Walking you through this code refactoring session, was the opportunity to showcase some of the principles, that we try to apply at Airbus Defence and Space Cyber:
- low hanging fruits: go for the easiest tasks first
- perform small steps, small commits
- lock progress with automatic feedback in continuous integration
- practice the red/green/refactor philosophy (not only with test: ensure any check serves it purposes by having it fail the first time)
- if you break some behaviour, add some automatic test at the adequate level: unit, component, end-to-end
- do not commit third party source code
- keep trace of all dependencies and versions
- apply third party security updates
- when short of time, take delayed actions: create issues
- use a modern IDE
- move complexity left, by doing things the earliest possible: at build time rather than at installation/update time, rather than at startup time, rather than at runtime
- separate responsibilities (according to your architecture)
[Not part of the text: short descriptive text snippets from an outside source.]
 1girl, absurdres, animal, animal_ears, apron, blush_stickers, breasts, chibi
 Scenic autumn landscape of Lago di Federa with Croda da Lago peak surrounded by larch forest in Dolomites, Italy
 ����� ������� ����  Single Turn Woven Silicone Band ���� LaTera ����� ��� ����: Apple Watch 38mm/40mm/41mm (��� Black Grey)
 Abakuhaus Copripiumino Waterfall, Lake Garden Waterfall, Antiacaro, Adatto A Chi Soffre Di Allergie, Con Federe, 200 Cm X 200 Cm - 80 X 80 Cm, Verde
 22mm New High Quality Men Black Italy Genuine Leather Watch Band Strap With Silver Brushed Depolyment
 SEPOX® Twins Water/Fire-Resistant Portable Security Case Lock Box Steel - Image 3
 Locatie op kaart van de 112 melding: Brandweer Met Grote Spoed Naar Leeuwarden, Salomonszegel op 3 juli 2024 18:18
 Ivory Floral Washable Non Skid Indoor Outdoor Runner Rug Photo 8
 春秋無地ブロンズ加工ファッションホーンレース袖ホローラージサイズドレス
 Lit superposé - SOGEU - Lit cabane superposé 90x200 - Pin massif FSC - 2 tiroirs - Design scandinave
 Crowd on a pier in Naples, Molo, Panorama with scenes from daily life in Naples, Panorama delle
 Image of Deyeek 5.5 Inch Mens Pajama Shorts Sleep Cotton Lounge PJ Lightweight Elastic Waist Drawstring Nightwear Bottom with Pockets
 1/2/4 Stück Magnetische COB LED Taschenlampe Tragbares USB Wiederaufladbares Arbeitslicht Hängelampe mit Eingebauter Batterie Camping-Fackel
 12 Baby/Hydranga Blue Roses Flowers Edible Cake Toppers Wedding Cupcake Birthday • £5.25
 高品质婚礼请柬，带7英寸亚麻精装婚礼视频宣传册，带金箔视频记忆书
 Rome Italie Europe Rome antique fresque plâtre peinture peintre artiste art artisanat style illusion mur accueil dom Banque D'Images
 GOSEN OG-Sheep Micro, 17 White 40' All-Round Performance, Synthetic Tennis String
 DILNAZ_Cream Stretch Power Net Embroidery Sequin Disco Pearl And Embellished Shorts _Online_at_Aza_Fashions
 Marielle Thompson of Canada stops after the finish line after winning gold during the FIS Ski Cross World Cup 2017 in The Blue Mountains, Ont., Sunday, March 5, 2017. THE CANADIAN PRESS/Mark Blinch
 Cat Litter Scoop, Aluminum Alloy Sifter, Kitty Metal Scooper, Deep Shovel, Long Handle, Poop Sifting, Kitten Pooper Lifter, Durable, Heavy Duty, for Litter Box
- DRY: avoid and eliminate code duplication
- remove dead code
- prefer composition over inheritance (strategy pattern)
- normalize data
- do not access symbols marked as private (prefixed with _) from outside their definition scope
- avoid global instructions
- avoid the ternary operator, prefer to extract methods
- avoid the definition of getters and setters via @property annotation
- unless for the public API of a library, prefer empty __init__ files
- avoid wildcard imports
- avoid import cycles
- avoid imports in the middle of a file
There is a lot of software out in the world, eagerly waiting to be exploited. I certainly hope more effort would go towards simplifying, removing code, than just adding features. That’s why I am transparently sharing all the steps of this craft. Improve your code quality, 10 minutes at a time!
Thanks
I am extremely thankful to the DFIR-IRIS team for graciously providing the work material for this article.